Bellingham City Hall is a historic building located in the northern end of downtown Bellingham, Washington. The building was completed in 1939. It was added to the National Register of Historic Places in December 2011.

==History==
Before this building was completed, the original city hall for New Whatcom was located at Prospect Street. This building is part of what is now known as the Whatcom Museum.

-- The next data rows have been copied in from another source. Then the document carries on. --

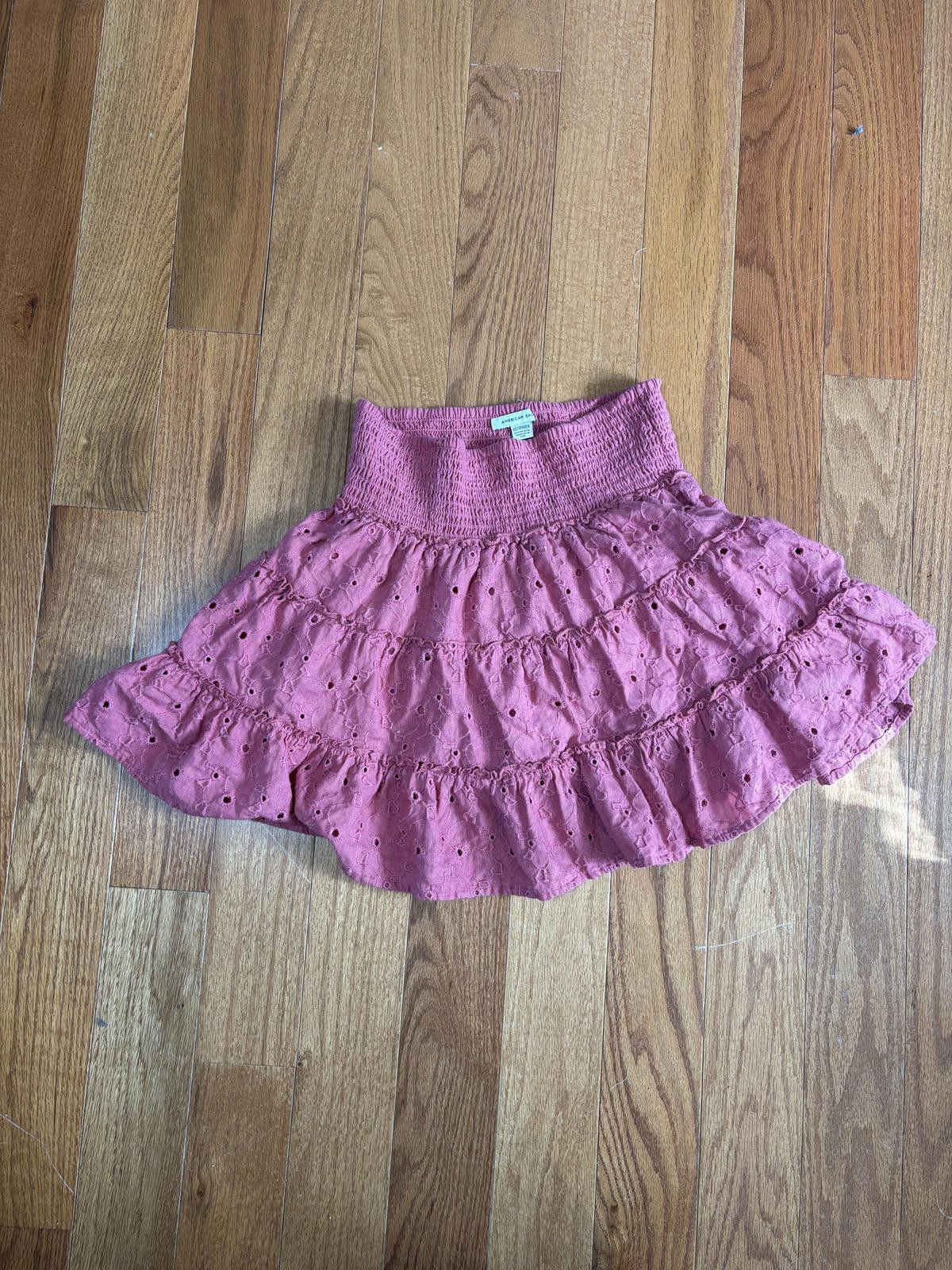 American Eagle Outfitters AE Boho cottage core Fairy Pink Eyelet Ruffle Mini Skirt XS Size 26" / US 2 / IT 38 - 1 Thumbnail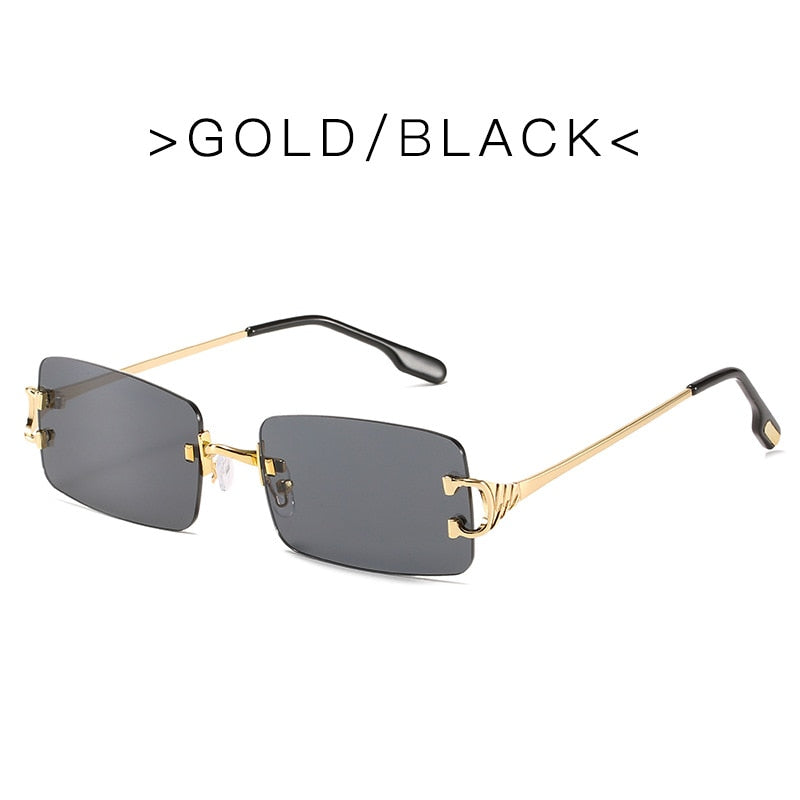Retro Rimless Sunglasses Women Men Retro Brand Designer Sunglasses Sunglasses Women Men Rectangular Glasses UV400 Oculos De Sol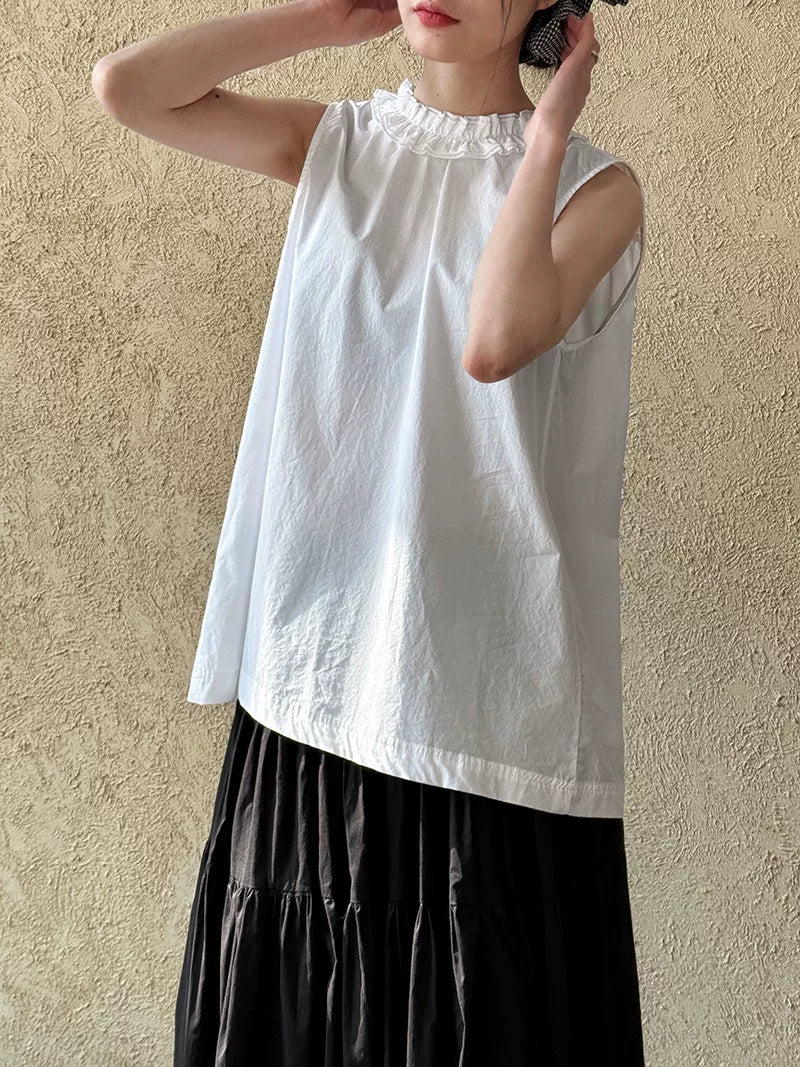 ruffle sleeveless 2way shirt 2color 【NINE7023】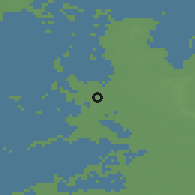 Shaded relief of the 49 km around Utrecht, drawn from the GMTED2010 grid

Talks for the building of a new city hall began in April 1938, headed by the Bellingham Planning Commission. Original cost for the building by architect Leonard William Bindon (1899-1980)
was estimated to be $300,000 to $350,000. Emil Selene was hired on by the city to be inspector of the project. Originally O. F. Nelson was recommended to be inspector, however pushback occurred as Nelson had recently moved to Bellingham from Seattle.

The city received a grant of $192,933 from the Public Works Administration in July 1938 to fund the project. This grant funded about 45% of the cost the project, which totaled about $450,000 when construction started. City council pushed for the labor to be entirely local with a city ordinance. However, the PWA offices in Portland ordered for this ordinance to be rescinded.
The general construction contact was awarded to S. S. Mullen Inc. of Seattle with a bid of $272,706. F.M. Haskell Plumbing and Heating of Bellingham was awarded the plumbing and heating contract. Meacham and Babcock of Seattle was awarded the electrical contract. Ground was broken on October 28, 1938 with a number of speakers and events to celebrate the occasion.

The building was completed on December 21, 1939. The first citizen to enter city hall after it was opened at 8 a.m was Jack Covalt, a local barber who was paying his water bill. The city jail, located on the second floor, held 3 prisoners upon opening. The building was added to the National Register of Historic Places on December 30, 2011.